[Brief descriptive captions]
⁂

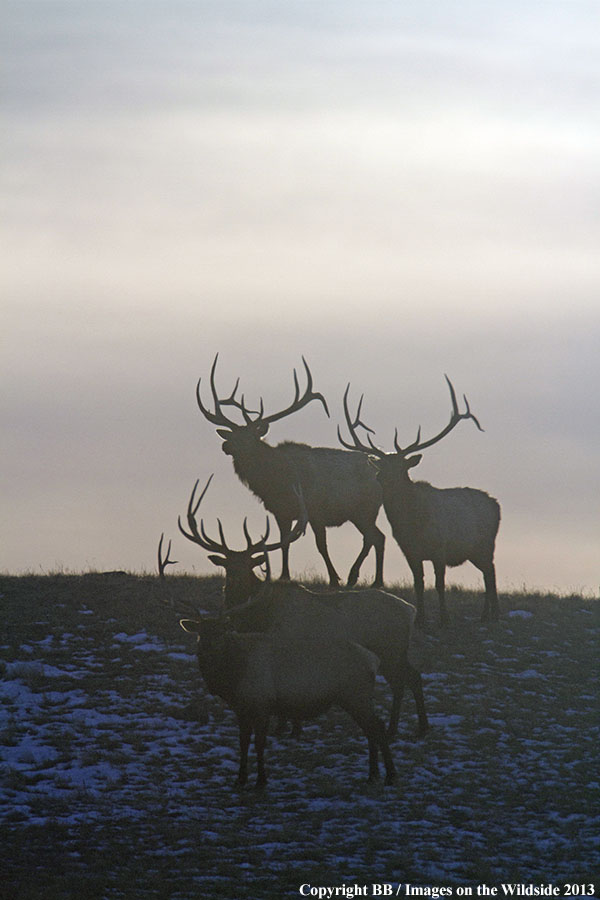 Rocky Moutain Elk in habitat.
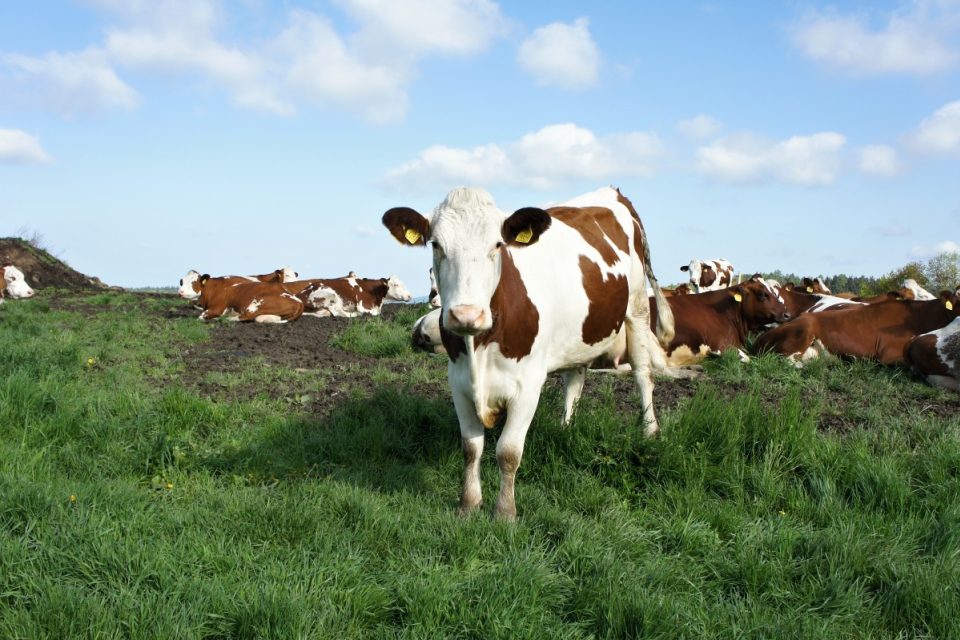 Krávy na pastvě | foto: Patrik Rozehnal,  Český rozhlas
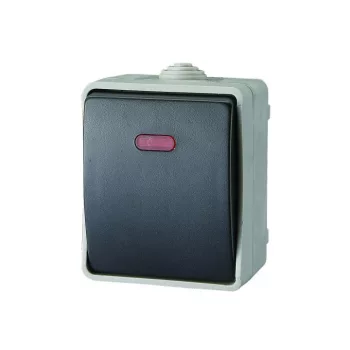   SOMOGYI ELEKTRONIC - 9876H - AQUATOP, falon kívüli, váltókapcsoló irányfénnyel IP54 szürke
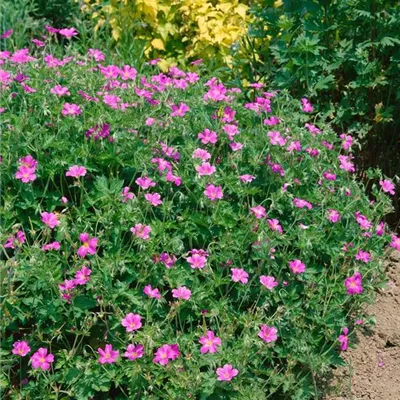 Topfgrösse 0.5 Liter - Oxford-Garten-Storchschnabel 'Rosenlicht' - Geranium oxonianum (x) 'Rosenlicht'
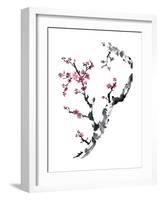 Plum Blossom Branch II-Nan Rae-Framed Art Print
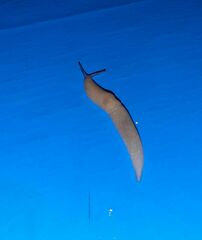 Krynickillus melanocephalus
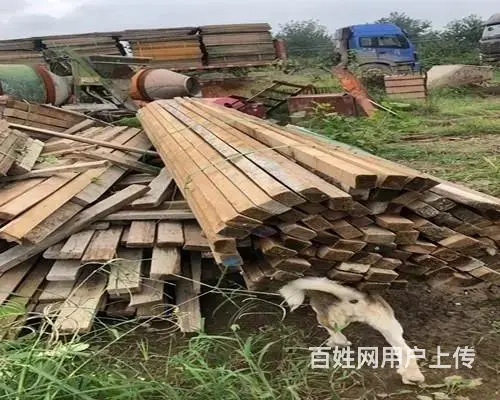 丹东模板回收市场今日报价 - 图片 2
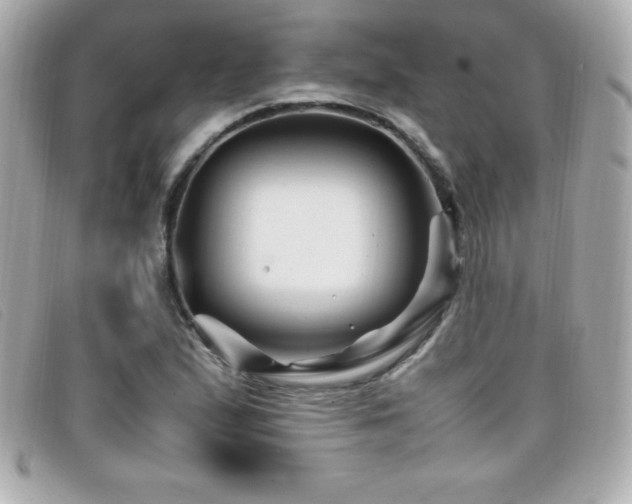 X0000099471167200805091541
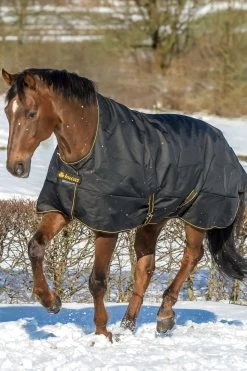 Bucas Irish Turnout Rug With High Neck, 50g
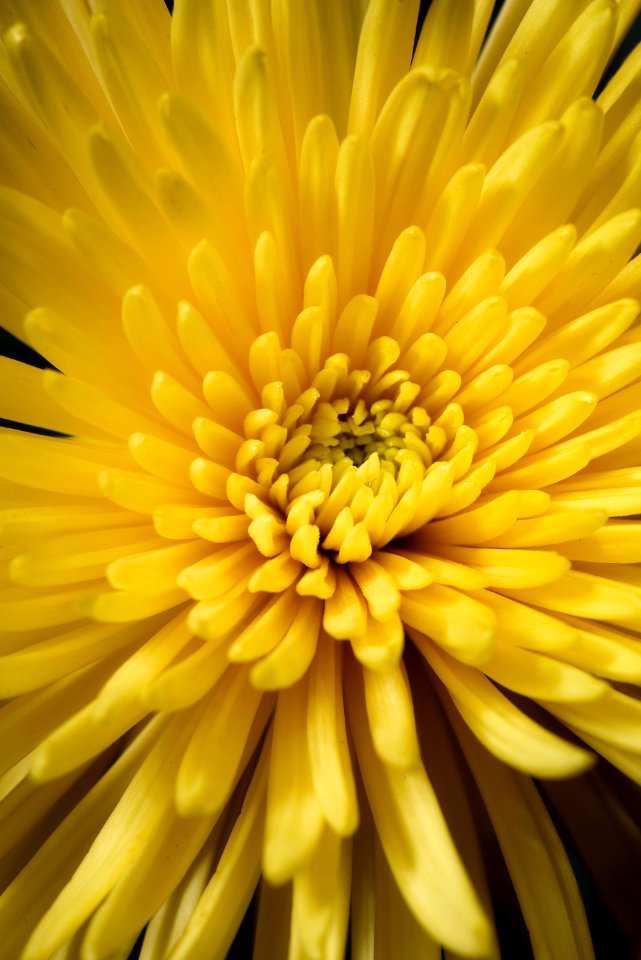 Yellow Spider Mum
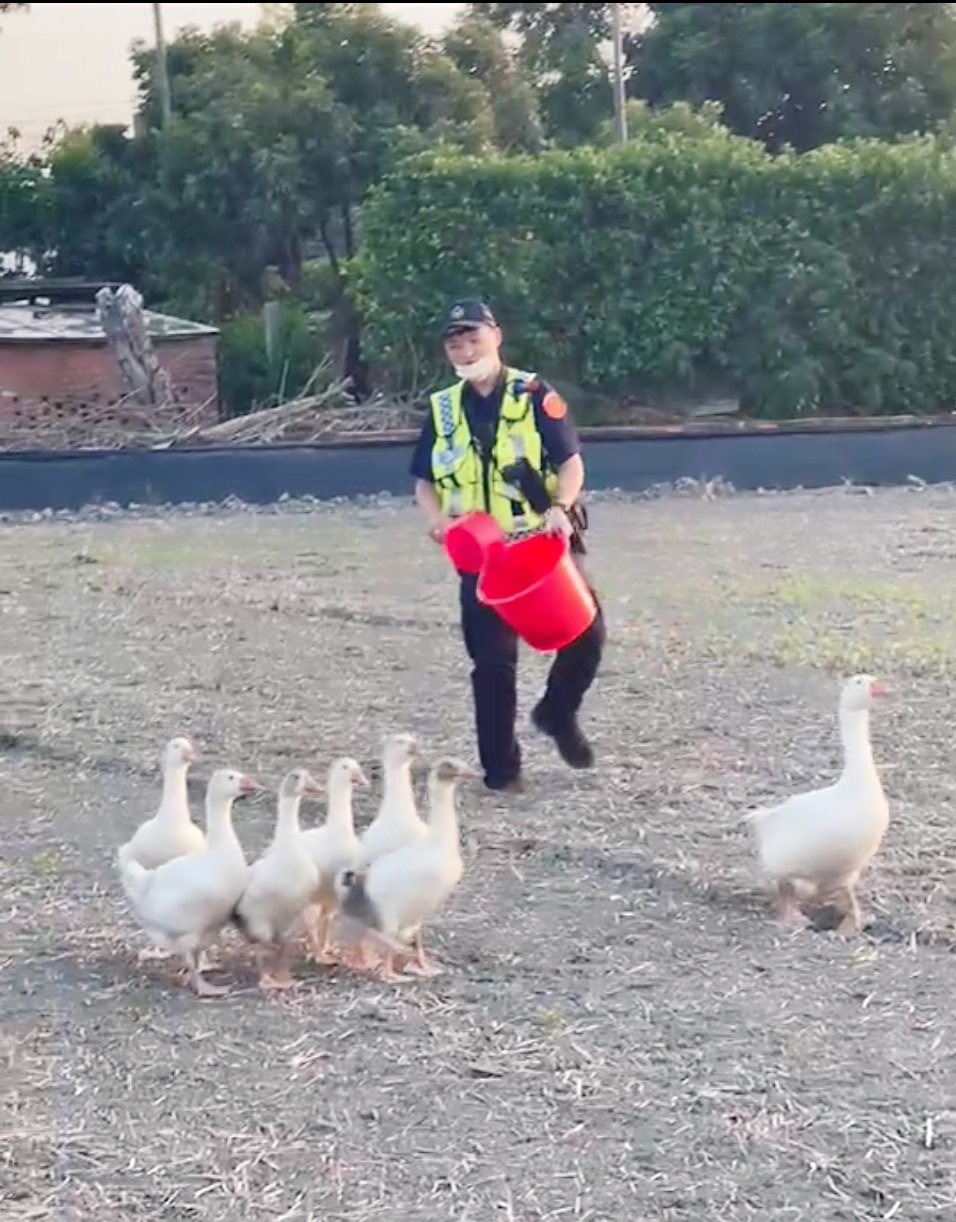 警察利用飼料拐騙，在田裡趕鵝的有趣畫面，全被路過的人拍下。記者蔡維斌／翻攝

⁂

■ **Directions for this task**:
What you print must match the entries exactly, except that no pictures appear.

■ **Answer**:
 Rocky Moutain Elk in habitat.
 Krávy na pastvě | foto: Patrik Rozehnal,  Český rozhlas
   SOMOGYI ELEKTRONIC - 9876H - AQUATOP, falon kívüli, váltókapcsoló irányfénnyel IP54 szürke
 Topfgrösse 0.5 Liter - Oxford-Garten-Storchschnabel 'Rosenlicht' - Geranium oxonianum (x) 'Rosenlicht'
 Plum Blossom Branch II-Nan Rae-Framed Art Print
 Krynickillus melanocephalus
 丹东模板回收市场今日报价 - 图片 2
 X0000099471167200805091541
 Bucas Irish Turnout Rug With High Neck, 50g
 Yellow Spider Mum
 警察利用飼料拐騙，在田裡趕鵝的有趣畫面，全被路過的人拍下。記者蔡維斌／翻攝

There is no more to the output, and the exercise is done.